Website will allow easy sharing of great teaching ideas
The website allows users to share good teaching and management techniques, which colleges post on the site for wider distribution. Users will be asked to evaluate and critically appraise what is on offer.
The site is the brainchild of Justin Edwards, senior development adviser at the Belfast Learning and Skills Development Agency.
A pilot project will be unveiled at the first annual conference of the Quality Improvement Agency in Birmingham next week. Andrew Thomson, chief executive of the QIA, said the scheme would take a radical approach. He said: "It leaves quality control over the resources in the hands of the lecturers and managers, not inspectors and funding chiefs. People want to do a better job but finding time to improve and find the right material is another matter."
The web scheme, called the Excellence Gateway, is modelled on the TLC - teaching and learning communities - in Northern Ireland. When launched in spring last year, more than 100 users posted materials on the TLC site within an hour of going live.

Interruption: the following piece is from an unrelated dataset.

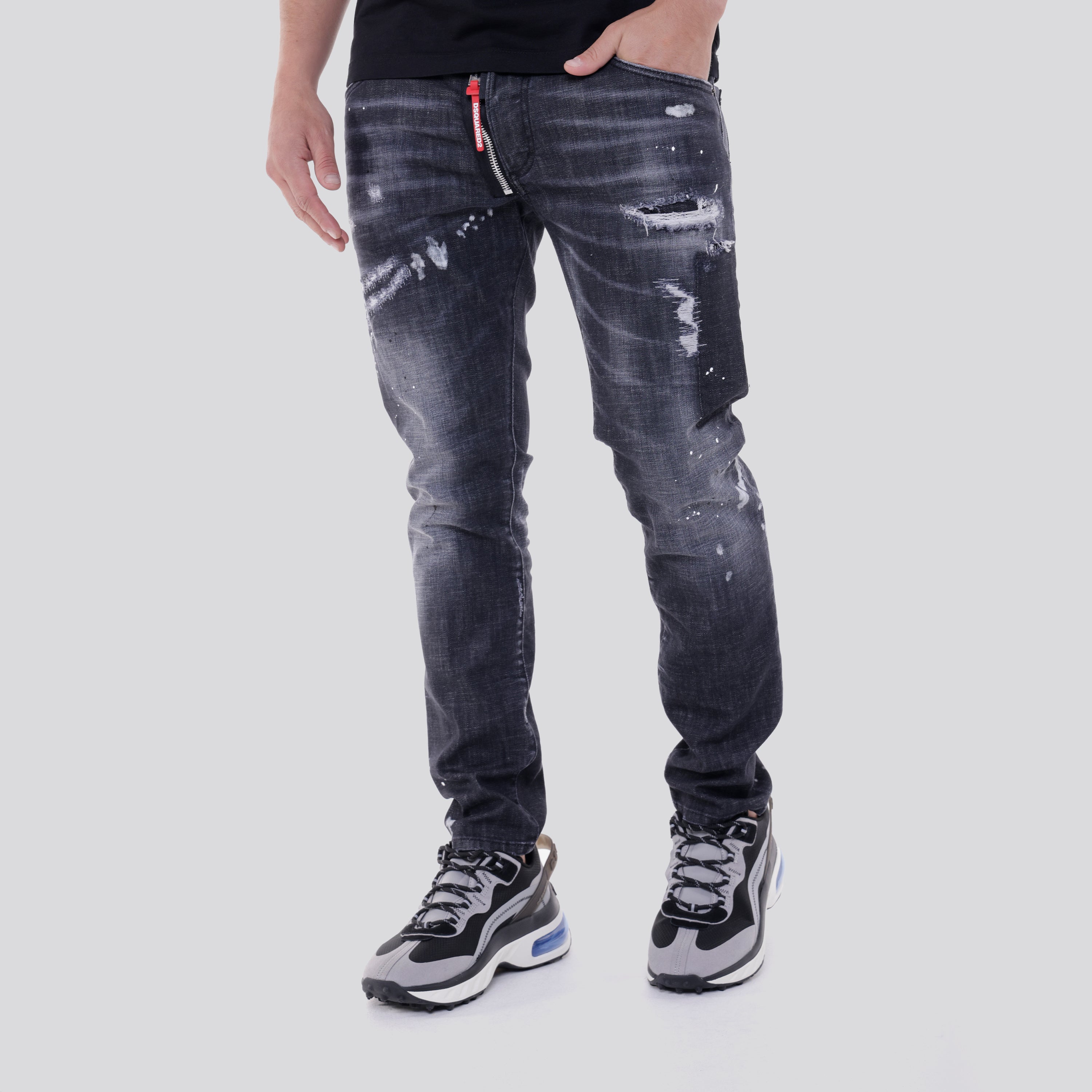 Jeans Negro Dsquared2 Skater Zip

Resources get star ratings - which take account of peer reviews and their popularity. "If the QIA is to succeed, it has to be democratic in its approach," Mr Thomson said. "If you are going to make organisations work, it has to be done by the people for the people - not to the people."
The site will also have a "knowledge base" of best practice case studies from organisations such as Ofsted, the Adult Learning Inspectorate and the Learning and Skills Network. It will also give advice on the implications of government policy reforms.
"What people need is a possible solution to their teaching or management problems at the push of a button that does not then list three million answers, which is what they get from too many search systems," he said.
Barry Kruger, head of knowledge and intelligence at the QIA, said: "If you are a manager and want to find an equal opportunities training supplier, you should be able to go straight to the directory."
The QIA will call for volunteers for an advisory panel at the conference.
The panel will look to pilot the site from September and to extend it nationwide next April.